To understand thirteen in Georgian 2003, one must also remember what was lost. The revolution did not bring paradise. The same year, Abkhazia and South Ossetia remained frozen conflicts; the electricity still failed in winter. Thirteen, after all, is also the number of the apostle who betrayed Christ. Georgia’s post-revolutionary leaders, in their haste to build a modern state, would later be accused of their own betrayals: of democratic backsliding, of the disastrous 2008 war with Russia. So the thirteen of 2003 carries both the rose and the thorn—the hope of a people rising against fraud, and the warning that revolutions devour their children.

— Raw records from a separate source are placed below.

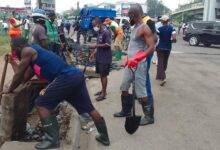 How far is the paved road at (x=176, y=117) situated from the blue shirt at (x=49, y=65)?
1324 millimetres

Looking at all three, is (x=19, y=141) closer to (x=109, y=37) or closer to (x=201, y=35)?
(x=109, y=37)

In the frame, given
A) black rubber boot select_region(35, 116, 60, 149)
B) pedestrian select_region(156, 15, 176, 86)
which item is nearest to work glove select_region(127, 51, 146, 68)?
black rubber boot select_region(35, 116, 60, 149)

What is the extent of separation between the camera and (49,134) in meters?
6.07

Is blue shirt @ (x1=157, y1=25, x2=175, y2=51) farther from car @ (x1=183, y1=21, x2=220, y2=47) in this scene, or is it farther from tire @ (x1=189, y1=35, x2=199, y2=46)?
tire @ (x1=189, y1=35, x2=199, y2=46)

In the end, “thirteen qartulad 2003” is a phrase that resists simple translation. It is not a fact but a feeling. It is the memory of a cold November evening when someone scribbled “13” on a protest sign, not knowing if the number would bring luck or disaster. It is the sound of a thousand voices counting down from thirteen to one before storming the parliament. And it is the lingering question that every Georgian carries: was our revolution a lucky thirteen, or an unlucky one? The answer, spoken qartulad, is always a sigh, a toast, and a glance toward the Caucasus mountains—where numbers have no power, but history never ends.